* [EXERCISE DESCRIPTION]
For the entries below, copy exactly the line that contains "Colt Short back" through the line that contains "Close-up on woman using laptop", both ends included, and exclude all pictures.

* [DATASET]
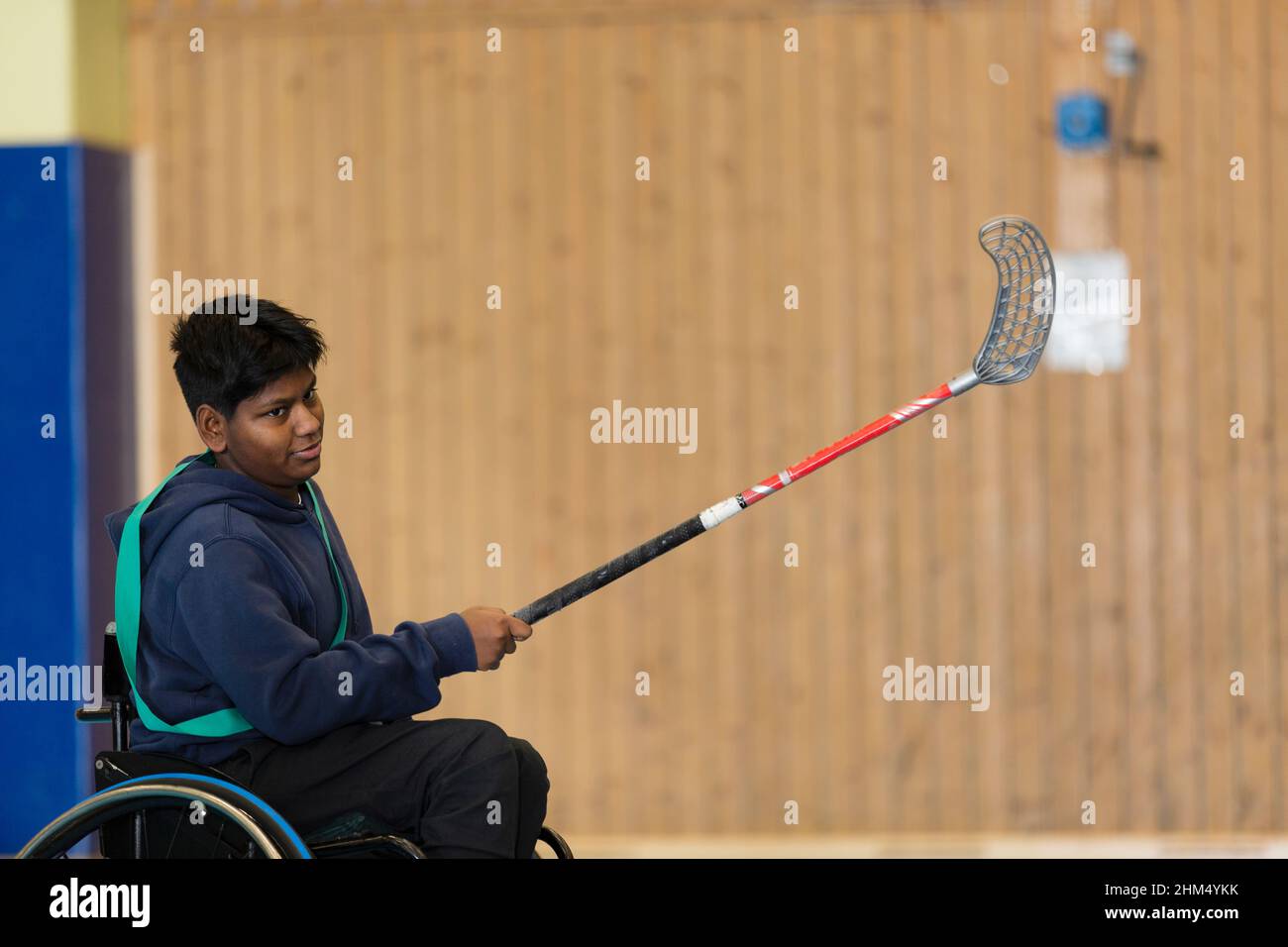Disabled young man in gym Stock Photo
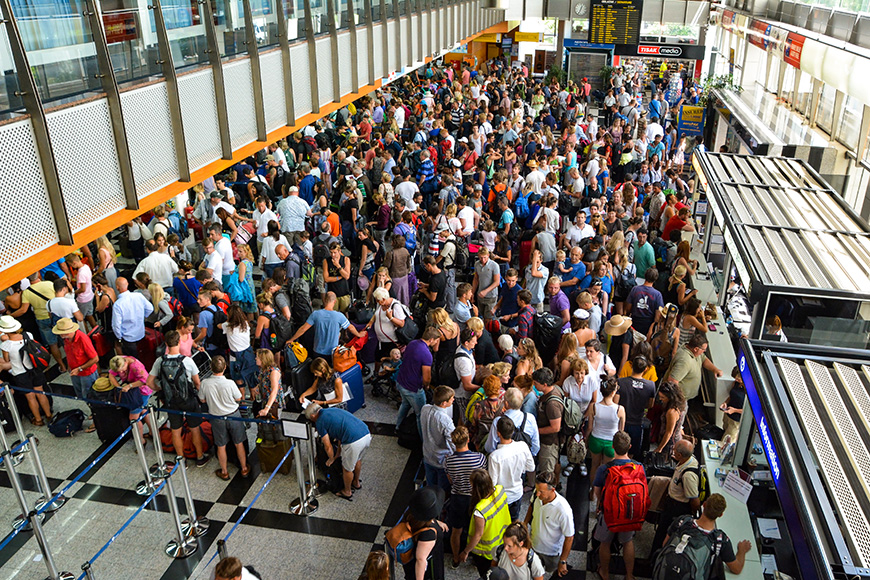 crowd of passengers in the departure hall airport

...

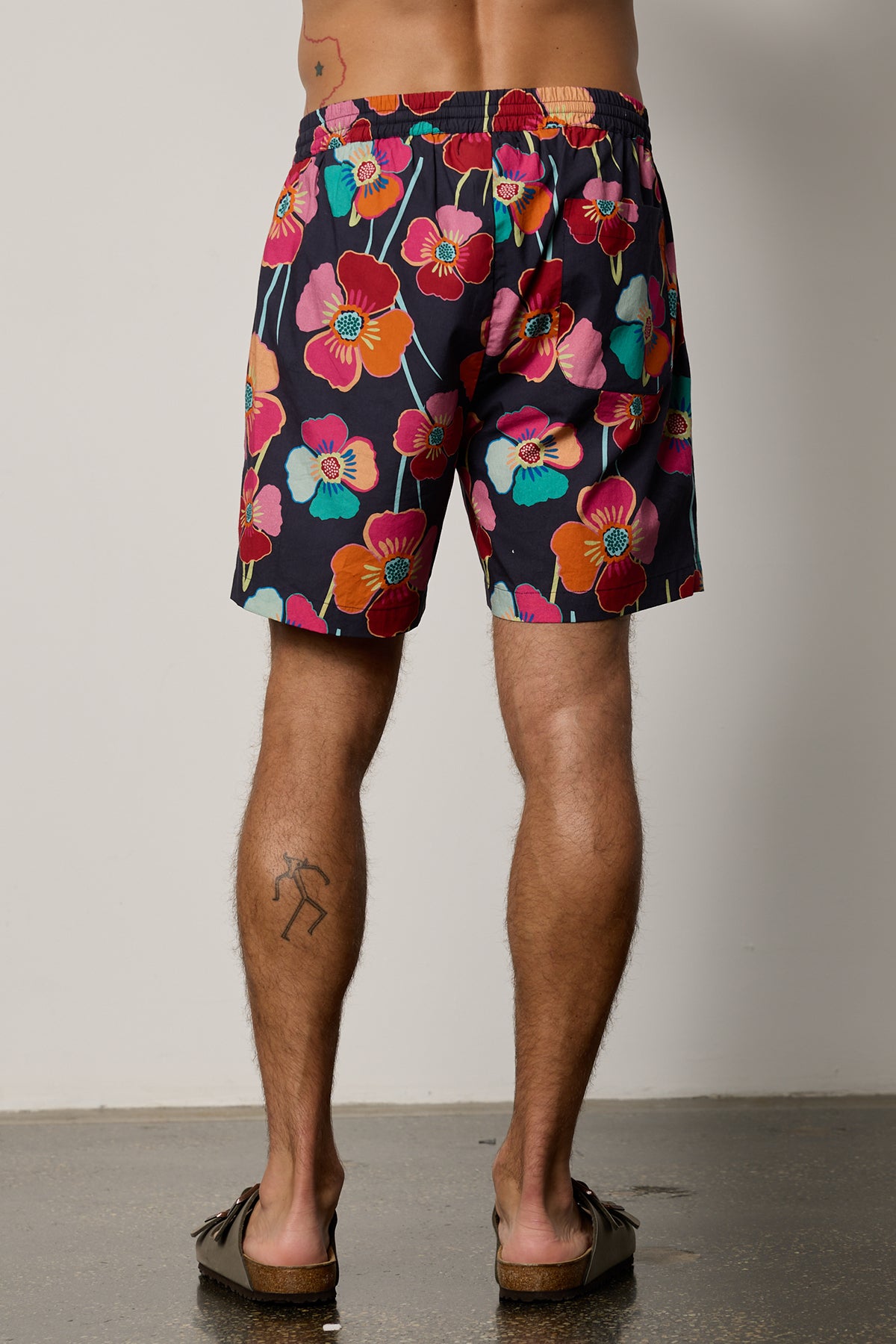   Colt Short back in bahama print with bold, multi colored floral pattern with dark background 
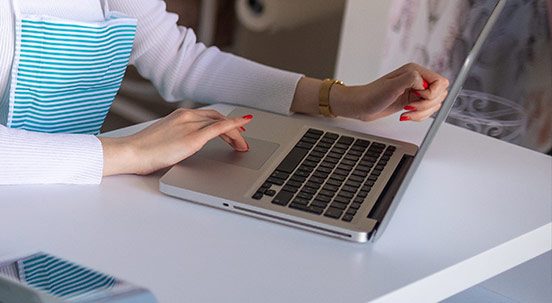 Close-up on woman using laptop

* [REPLY]
   Colt Short back in bahama print with bold, multi colored floral pattern with dark background 
 Close-up on woman using laptop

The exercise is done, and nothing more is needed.